A hand fell on his shoulder, which, at an earlier time — or a later — would have had him jump, but on that day he just looked up, and turned around. His face was calm, impassive, but relaxed into something friendlier when he saw who it was. “Hi, Eddie. What’s up?”
“Uhh,” this was always the awkward part and even though he’d practiced what to say all morning the words never seemed to come out the same way. “Hi. So. I had this dream, and you were there…” except this wasn’t The Wizard of Oz. Eddie shook his head. “I couldn’t get a read on when or where but it was … you were being held? Like in someone’s house? Like … kidnapped or something.”
Bone’s hand was gripping the strap of his backpack, and it tightened, uncontrollably, at the word kidnapped. But otherwise his expression stayed blank, though his eyes darted across Eddie’s face, looking for something or other.
“Oh,” was all he could say at first.
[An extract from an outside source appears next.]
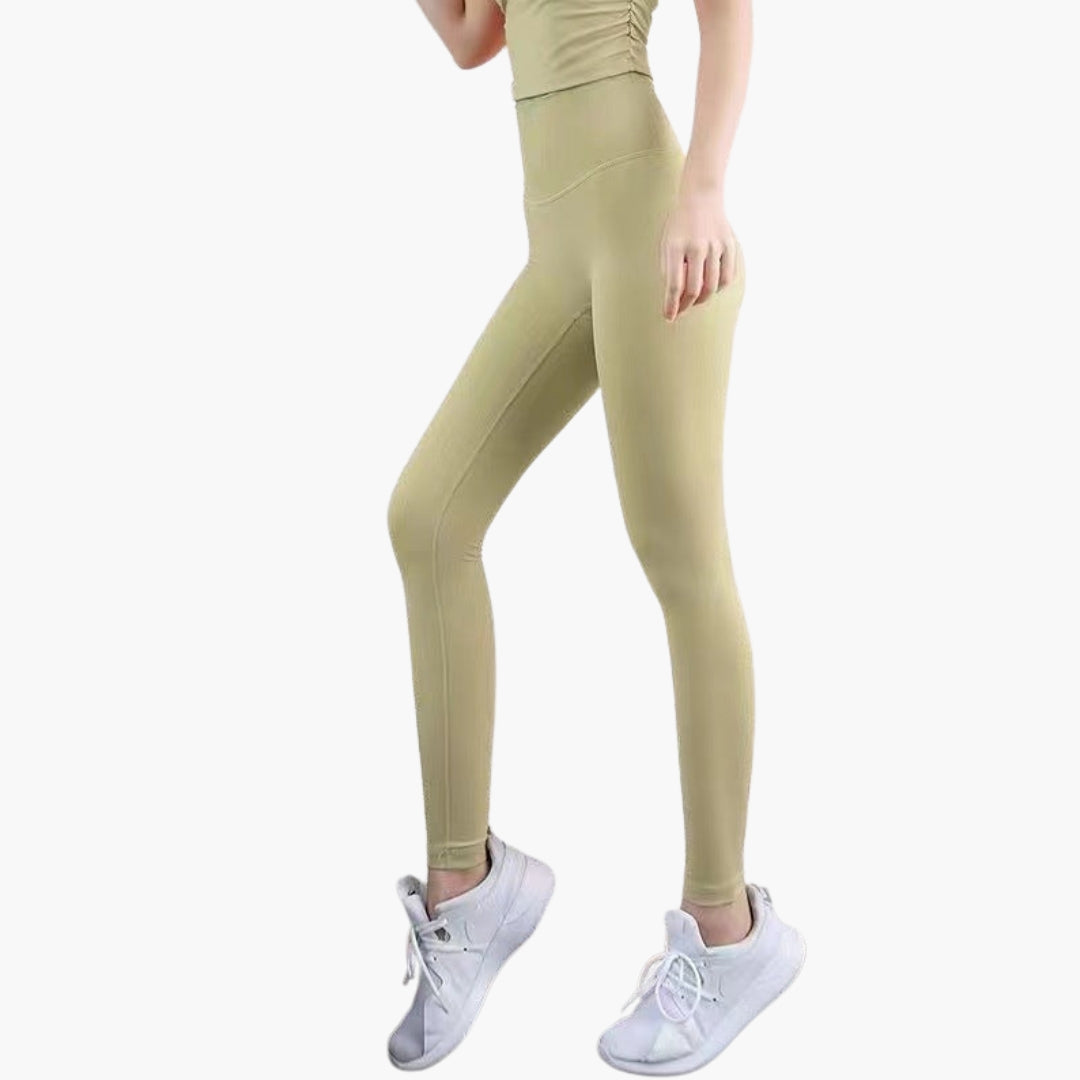 High-waisted women's gym leggings in full-length stretch fabric, sleek pocketless design for active fit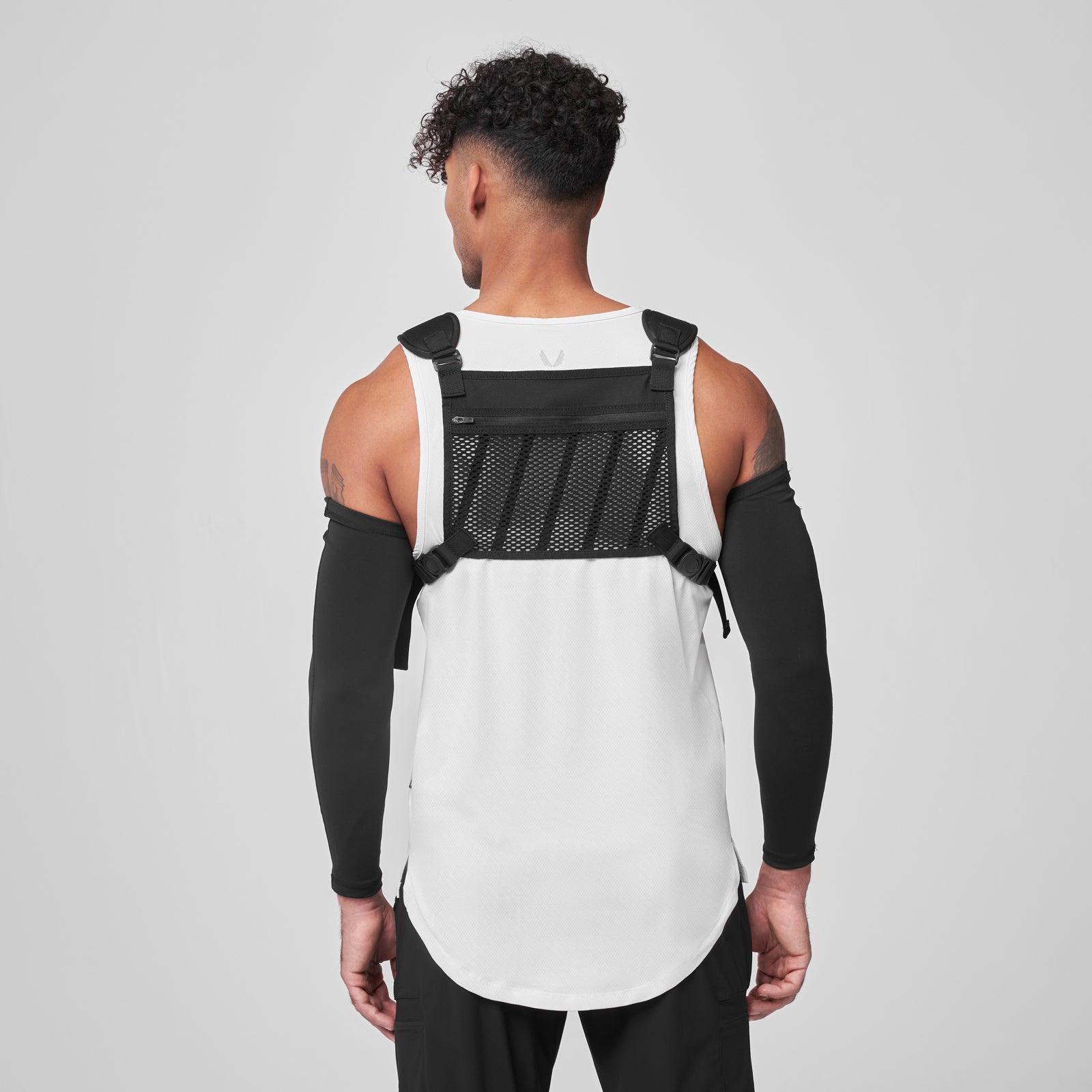 0634 Conditioning Chest Pack in black and white, back view on model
He knew about Eddie’s power, but had never actually been on this end of it. He wasn’t sure what to say. Paranoia rose thick in his throat, but he swallowed it back down. He’d been getting better at this, at not seeing a kidnapper around every corner. He didn’t need to go backwards. “Do you…” but he’d already said he didn’t know when or where. Instead of finishing his sentence he shifted the weight of his bag on his shoulder, uncertain. “Thanks for telling me.”
“Sorry,” Eddie mumbled. He hated these kinds of visions, it would have been so much easier to tell Bone he was going to win the lottery or ace the final he’d been worried about. “If I uh -- if I see it again and there’s more detail I’ll let you know. I just figured … I should tell you right away so.”
“Yeah,” the taller boy replied. His mouth felt a little dry, but he told himself that there was probably nothing that could be done about it. That maybe, maybe it wouldn’t even happen at all. “That makes sense. I’ll… I’ll keep it in mind.”
He wouldn’t, not if he wanted to keep his sanity. He couldn’t. He was getting better.